**How to complete this task:**
Everything from the line containing "イエローアゲート【8】ルース・カボション　（30×23mm）" through the last line of the entries needs to be repeated exactly. Pictures must be left out.

===== Records supplied =====

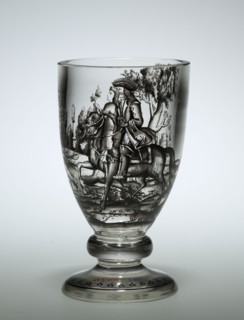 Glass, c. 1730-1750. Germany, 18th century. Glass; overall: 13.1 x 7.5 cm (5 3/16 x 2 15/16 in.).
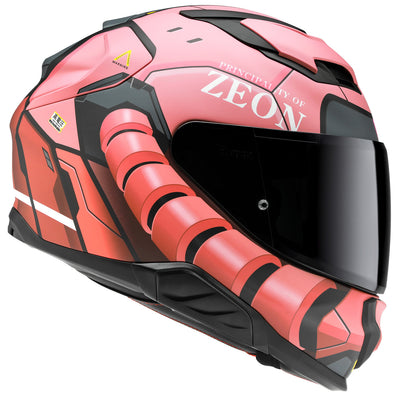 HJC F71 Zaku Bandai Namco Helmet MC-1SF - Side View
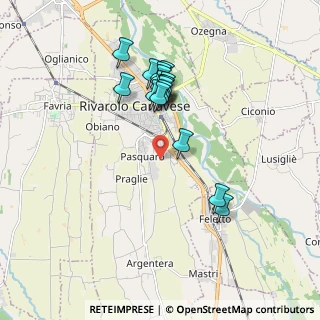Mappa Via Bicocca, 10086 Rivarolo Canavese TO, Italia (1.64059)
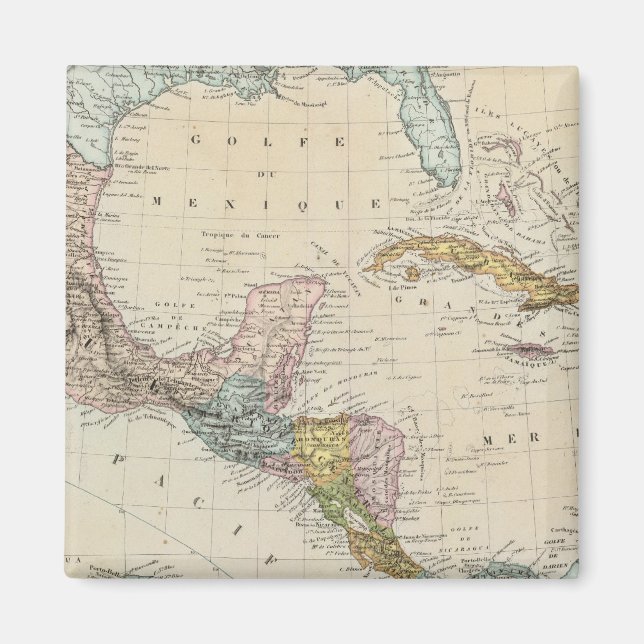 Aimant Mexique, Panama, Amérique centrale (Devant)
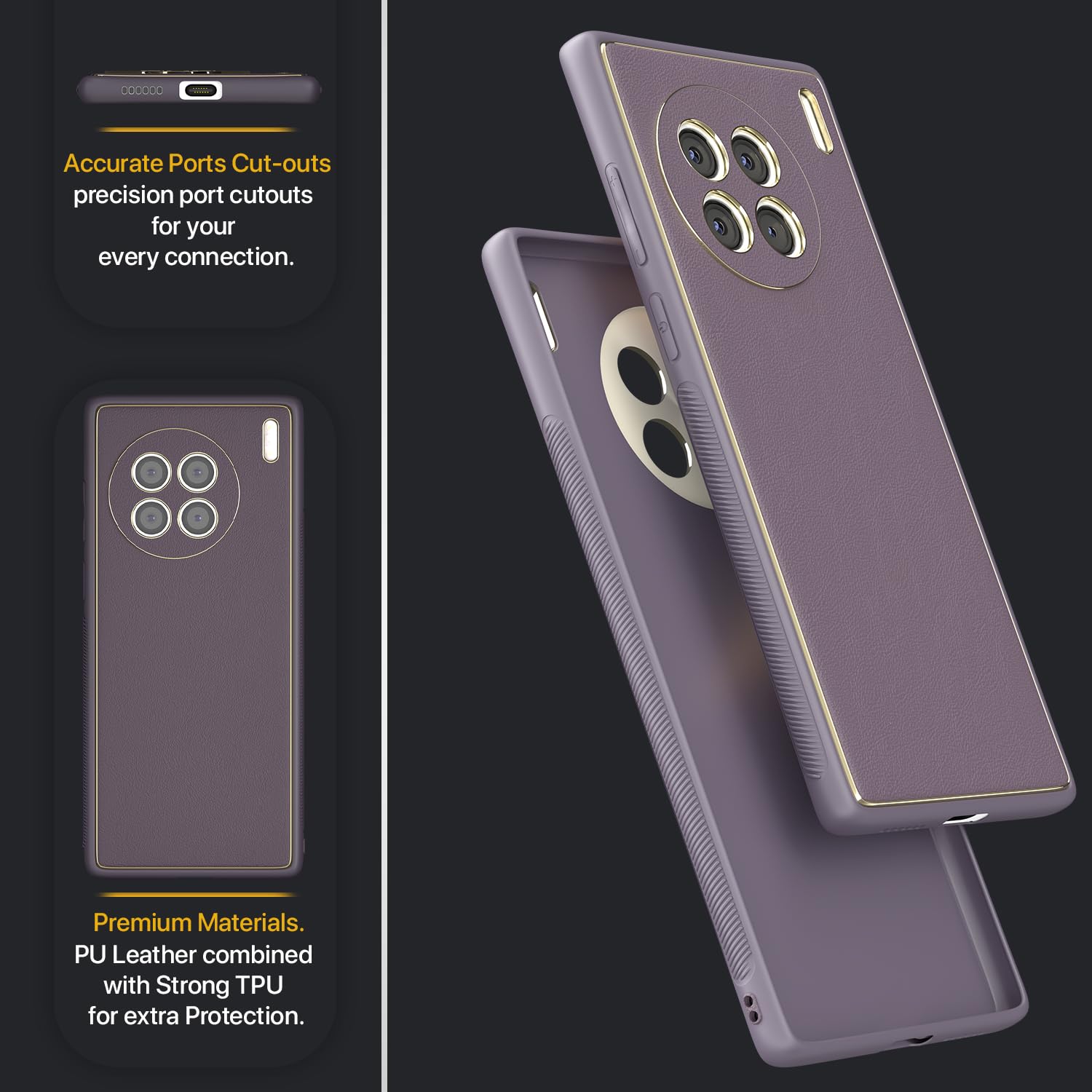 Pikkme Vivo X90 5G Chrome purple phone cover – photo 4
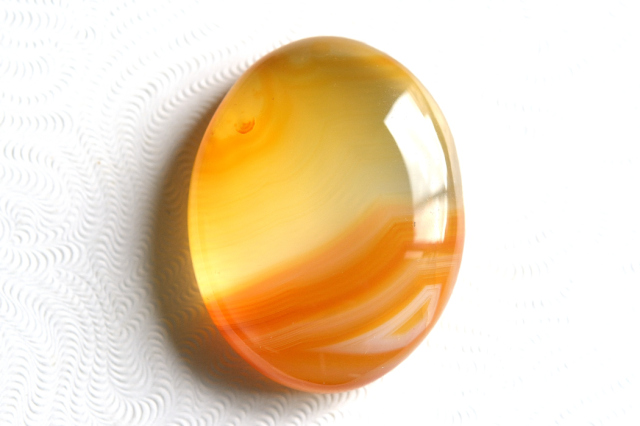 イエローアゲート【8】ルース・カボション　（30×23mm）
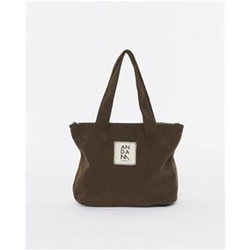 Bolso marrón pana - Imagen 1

=====

**Task response:**
 イエローアゲート【8】ルース・カボション　（30×23mm）
 Bolso marrón pana - Imagen 1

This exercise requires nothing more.